そんな時、ふっ窓越しに隣席の人と目が合い、にこりと微笑まれてしまった。とっさに目を逸らし俯く。否、目が合ったと思ったのはわたしだけかもしれない。窓の外に誰か親しい人が居て、その人に対して笑ったのかもしれない。とにかく私の勘違いだと思うけれど、顔が良いだけに頬が熱くなった。赤くなった所を見られていなければいいけど。
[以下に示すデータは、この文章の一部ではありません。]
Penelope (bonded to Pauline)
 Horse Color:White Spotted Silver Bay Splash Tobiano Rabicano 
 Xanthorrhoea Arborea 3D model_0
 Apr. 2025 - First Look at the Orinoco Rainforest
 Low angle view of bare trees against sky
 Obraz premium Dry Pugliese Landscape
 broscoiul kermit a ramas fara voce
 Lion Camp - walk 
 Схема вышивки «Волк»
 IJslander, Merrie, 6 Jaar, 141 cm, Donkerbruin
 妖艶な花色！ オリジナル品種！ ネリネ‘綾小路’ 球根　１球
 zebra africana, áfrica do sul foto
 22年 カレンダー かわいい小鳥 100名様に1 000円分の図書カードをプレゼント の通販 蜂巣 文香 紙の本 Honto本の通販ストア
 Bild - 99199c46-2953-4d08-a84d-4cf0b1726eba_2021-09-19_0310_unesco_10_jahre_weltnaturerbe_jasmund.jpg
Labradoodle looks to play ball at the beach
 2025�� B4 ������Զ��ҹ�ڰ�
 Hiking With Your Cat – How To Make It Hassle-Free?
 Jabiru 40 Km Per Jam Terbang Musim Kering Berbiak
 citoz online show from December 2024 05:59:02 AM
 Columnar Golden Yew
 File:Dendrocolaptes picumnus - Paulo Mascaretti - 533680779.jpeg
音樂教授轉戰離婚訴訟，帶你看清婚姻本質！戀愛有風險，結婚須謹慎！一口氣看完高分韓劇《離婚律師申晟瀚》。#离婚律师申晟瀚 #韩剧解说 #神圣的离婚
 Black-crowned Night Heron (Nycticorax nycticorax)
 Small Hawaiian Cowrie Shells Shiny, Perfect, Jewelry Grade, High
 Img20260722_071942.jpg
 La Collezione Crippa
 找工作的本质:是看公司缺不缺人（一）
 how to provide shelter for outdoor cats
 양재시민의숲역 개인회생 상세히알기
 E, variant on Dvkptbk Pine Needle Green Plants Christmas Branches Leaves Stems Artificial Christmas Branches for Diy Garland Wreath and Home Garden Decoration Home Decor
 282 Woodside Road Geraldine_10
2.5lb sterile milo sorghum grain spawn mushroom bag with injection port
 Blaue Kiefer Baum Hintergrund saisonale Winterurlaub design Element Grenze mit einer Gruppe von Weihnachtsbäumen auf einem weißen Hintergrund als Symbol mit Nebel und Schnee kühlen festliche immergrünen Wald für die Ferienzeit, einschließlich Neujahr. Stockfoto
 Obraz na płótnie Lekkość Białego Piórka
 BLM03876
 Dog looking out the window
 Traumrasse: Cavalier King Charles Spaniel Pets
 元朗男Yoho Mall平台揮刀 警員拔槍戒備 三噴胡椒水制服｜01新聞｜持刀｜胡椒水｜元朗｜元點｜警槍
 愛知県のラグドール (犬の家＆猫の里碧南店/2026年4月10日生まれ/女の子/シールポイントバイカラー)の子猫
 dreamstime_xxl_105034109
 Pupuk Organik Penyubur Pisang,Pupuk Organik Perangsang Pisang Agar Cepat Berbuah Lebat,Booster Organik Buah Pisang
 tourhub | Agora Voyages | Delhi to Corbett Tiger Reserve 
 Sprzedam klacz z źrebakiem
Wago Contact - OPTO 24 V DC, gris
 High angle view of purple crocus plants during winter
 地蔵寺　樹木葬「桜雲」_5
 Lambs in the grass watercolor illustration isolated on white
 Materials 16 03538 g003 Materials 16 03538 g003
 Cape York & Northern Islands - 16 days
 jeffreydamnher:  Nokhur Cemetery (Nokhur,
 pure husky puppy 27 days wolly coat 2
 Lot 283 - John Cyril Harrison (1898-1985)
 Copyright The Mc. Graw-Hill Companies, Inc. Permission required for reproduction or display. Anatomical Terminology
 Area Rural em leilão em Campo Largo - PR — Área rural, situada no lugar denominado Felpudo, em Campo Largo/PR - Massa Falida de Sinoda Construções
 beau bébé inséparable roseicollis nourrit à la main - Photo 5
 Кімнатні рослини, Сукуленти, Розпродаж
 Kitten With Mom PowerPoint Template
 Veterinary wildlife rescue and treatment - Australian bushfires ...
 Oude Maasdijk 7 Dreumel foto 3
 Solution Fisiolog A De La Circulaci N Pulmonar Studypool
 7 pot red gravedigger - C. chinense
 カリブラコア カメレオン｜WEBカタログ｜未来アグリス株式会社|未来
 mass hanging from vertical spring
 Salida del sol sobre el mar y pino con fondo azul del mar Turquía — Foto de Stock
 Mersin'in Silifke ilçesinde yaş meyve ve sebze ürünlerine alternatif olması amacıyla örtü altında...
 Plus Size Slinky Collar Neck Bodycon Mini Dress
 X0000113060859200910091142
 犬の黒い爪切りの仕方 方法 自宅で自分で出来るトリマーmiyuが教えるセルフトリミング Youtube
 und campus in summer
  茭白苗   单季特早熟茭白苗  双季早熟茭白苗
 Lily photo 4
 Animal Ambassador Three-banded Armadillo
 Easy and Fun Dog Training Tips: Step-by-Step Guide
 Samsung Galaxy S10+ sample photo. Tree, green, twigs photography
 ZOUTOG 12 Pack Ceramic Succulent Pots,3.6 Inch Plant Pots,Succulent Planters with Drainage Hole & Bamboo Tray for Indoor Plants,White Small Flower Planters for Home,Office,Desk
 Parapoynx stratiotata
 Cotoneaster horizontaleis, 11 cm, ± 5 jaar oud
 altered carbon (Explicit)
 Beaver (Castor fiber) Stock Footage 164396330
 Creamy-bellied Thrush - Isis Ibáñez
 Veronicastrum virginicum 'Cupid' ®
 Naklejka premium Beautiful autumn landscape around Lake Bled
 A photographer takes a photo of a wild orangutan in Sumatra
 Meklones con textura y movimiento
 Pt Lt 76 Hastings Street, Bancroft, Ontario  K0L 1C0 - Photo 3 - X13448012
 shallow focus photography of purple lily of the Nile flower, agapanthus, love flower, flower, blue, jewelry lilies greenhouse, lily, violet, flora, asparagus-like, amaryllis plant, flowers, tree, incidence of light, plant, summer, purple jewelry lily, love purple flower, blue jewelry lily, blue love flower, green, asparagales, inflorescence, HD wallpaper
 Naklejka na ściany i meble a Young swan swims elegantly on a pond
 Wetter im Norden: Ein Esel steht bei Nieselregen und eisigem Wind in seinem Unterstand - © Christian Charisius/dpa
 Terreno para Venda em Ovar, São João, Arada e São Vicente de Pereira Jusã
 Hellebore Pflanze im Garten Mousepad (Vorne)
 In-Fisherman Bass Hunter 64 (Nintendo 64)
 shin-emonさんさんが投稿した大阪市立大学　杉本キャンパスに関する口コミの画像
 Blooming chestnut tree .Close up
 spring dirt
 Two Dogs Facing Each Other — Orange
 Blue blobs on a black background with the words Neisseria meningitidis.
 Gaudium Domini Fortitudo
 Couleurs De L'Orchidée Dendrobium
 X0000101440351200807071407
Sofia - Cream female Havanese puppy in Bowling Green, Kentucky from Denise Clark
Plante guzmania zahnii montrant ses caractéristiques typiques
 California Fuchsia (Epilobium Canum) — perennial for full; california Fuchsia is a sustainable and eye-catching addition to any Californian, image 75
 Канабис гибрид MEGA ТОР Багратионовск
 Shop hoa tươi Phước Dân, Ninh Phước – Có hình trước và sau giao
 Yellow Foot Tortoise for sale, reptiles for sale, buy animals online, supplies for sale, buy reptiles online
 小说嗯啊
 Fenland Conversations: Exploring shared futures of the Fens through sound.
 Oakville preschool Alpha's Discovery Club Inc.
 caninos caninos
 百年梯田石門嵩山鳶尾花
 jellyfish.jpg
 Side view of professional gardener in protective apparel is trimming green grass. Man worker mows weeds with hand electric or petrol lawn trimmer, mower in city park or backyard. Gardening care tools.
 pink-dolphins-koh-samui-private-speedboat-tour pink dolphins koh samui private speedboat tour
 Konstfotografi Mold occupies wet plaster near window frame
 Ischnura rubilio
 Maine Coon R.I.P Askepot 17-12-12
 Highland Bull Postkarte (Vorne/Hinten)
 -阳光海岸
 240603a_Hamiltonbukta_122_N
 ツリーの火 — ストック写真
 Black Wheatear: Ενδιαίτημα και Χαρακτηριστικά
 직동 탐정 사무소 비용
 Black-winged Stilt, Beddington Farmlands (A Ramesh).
それに、その微笑みに何か少し…薄ら寒いものを感じてしまった自分がいた。



頬の熱が冷めた頃。窓際の肘掛けに肘を付き、手の甲に顎を乗せる。酔いそうな時は寝るに限る。起きていたとしても、今の私の手元には何か暇を潰せる物もなく、退屈な時間を過ごすだけだろうし。





完全に寝る体制に入った私の横で男はほくそ笑んだ。
『私』と『彼』はこの広い世界の小さな街でまた出会う事になる。
そうそれも…近い内に。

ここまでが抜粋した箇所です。